Chibhal was a princely state founded by a cadet branch of the Katoch Rajputs of Kangra in 1400.

History
Chibhal's first ruler was Raja Partab chand Katoch, who was the youngest son of Raja Megh chand Katoch of Kangra. Chibhal was also known to Timur's historians under the name Jibhal. The territory of Chibhal originally  included upper the hill region bordering Hazara.

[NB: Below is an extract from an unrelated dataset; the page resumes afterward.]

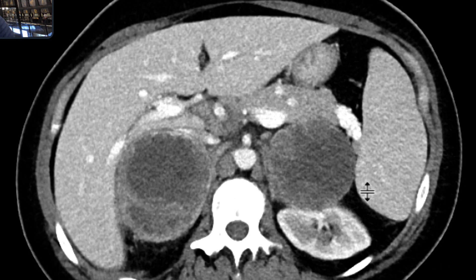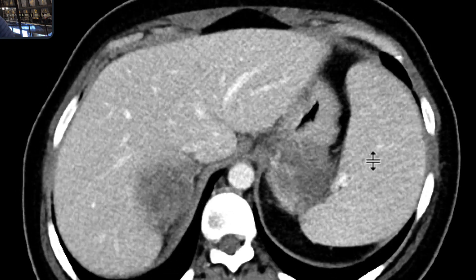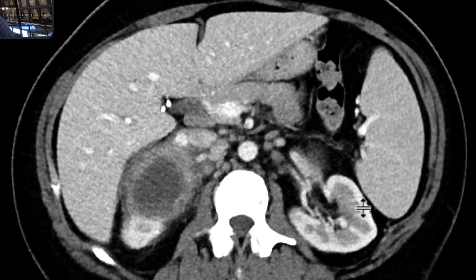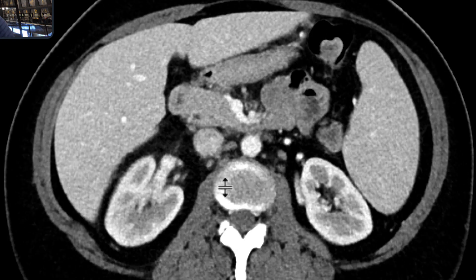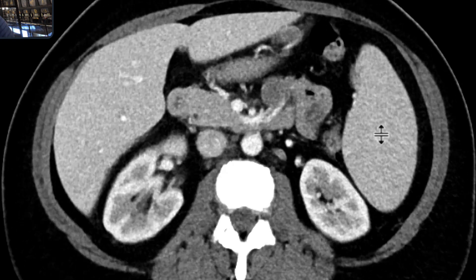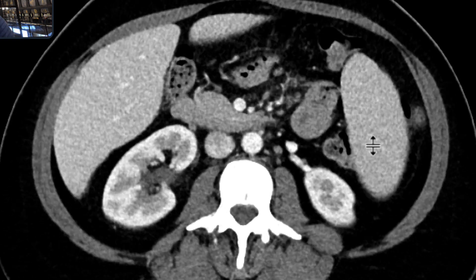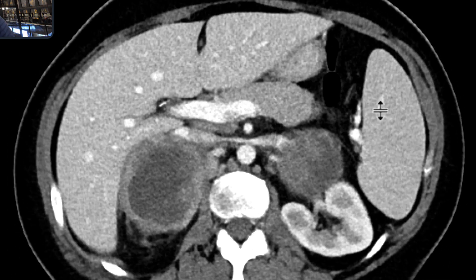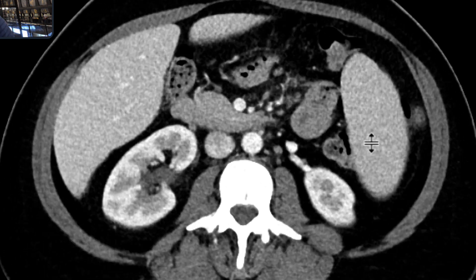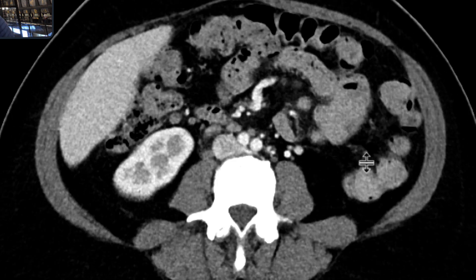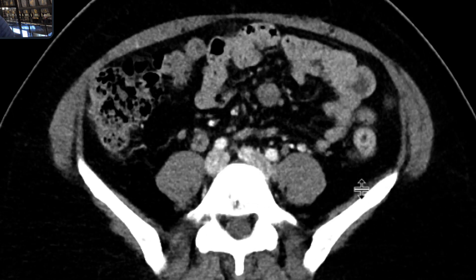There are bilateral adrenal metastases as well — these large masses. There's a lot of adenopathy as well as you scroll down. Some of these nodes are sub-centimeter, but they look prominent and a little heterogeneous.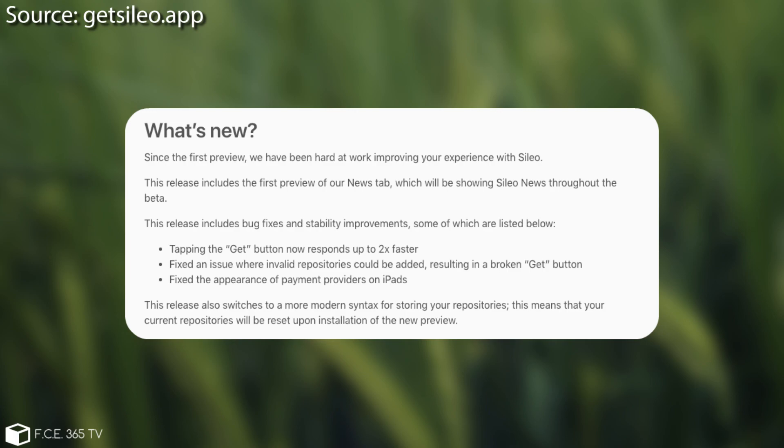Now this has been a problem with Cydia as well, but it's no longer, and you can no longer add invalid repositories. The last fix in here is fix the appearance of the payment providers on iPads. So apparently there might have been something with the design constraints on the iPad.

The inhabitants of the state were known as Chibhalis. The northern barrier of India, a popular account of the Jammu and Kashmir territories by Frederic Drew 1877, page 30–31. Chibs who ruled this princely state are the direct descendants of Raja Chib Chand Katoch from whom the term Chib, Chibhan and Chibhal are derived. In 1822, the state's territories were reduced to no more than twenty five kilometres due to invasions from the Sikh Empire. The state was then referred to as the state of Bhimber. At that time it included the towns of Bhimber, Samhani and Mangal Devi. The Chibhalis were known to fiercely resist the Sikhs. They were seen as a threat by Maharaja Ranjit Singh and then son of Maharaja Ranjit Singh i.e. Prince Kharak Singh called Maharaja of Chibhal to Jammu to sign a peace treaty but there the Maharaja was putted in jail, his kingdom was invaded and annexed into the Sikh Empire.

Forts

 Bhagsar Fort Bhimber.
 Ramkort Fort, Mangla Dam.
 Throchi Fort Kotli.
 Mangla Fort, Mangla
 Barnad Fort, Sehnsa

Jagir-Shahdara near Lahore

After the giving over of Jammu and Kashmir to Maharaja Gulab Singh, it became necessary to take measures for the protection and maintenance of the minor hill chiefs, who, much against their will had been included in the “properties” forming part of the contract. The matter was arranged in 1847 by        Sir Henry Lawrence, Agent and Resident at Lahore, on the one part, and by Diwan Jwala Sahai, the Maharaja's Minister, on the other. It was agreed that such of the chiefs as elected to settle in British territory should receive perpetual pensions, amounting in the aggregate to Rs., 42,800 annually; the Maharaja ceding to, the British Government the ilaka of Sujanpur, part of Pathankot, and certain lands between the Beas and Chaki rivers north of Gurdaspur in satisfaction of the demands, which were to be met from the British treasuries. The Raja Faiz Talib Khan, styled as Bhimbarwala  by Sir Henry Lawrence, was allowed hereunder a cash pension of Rs. 10,000 per annum, the same being declared perpetual in his family, to be enjoyed undivided by one individual at a time. This arrangement did not of course please Faiz Talib, who thus found himself invested with a small pension in lieu his patrimony. But who was obliged to accept what had been fixed for him by Sir Henry Lawrence, as there was no hope of getting better terms from the Maharaja. He took up his abode at Shahdara near Lahore; and be it recorded to his credit that he and his relatives have ever since proved themselves thoroughly loyal to the new Power.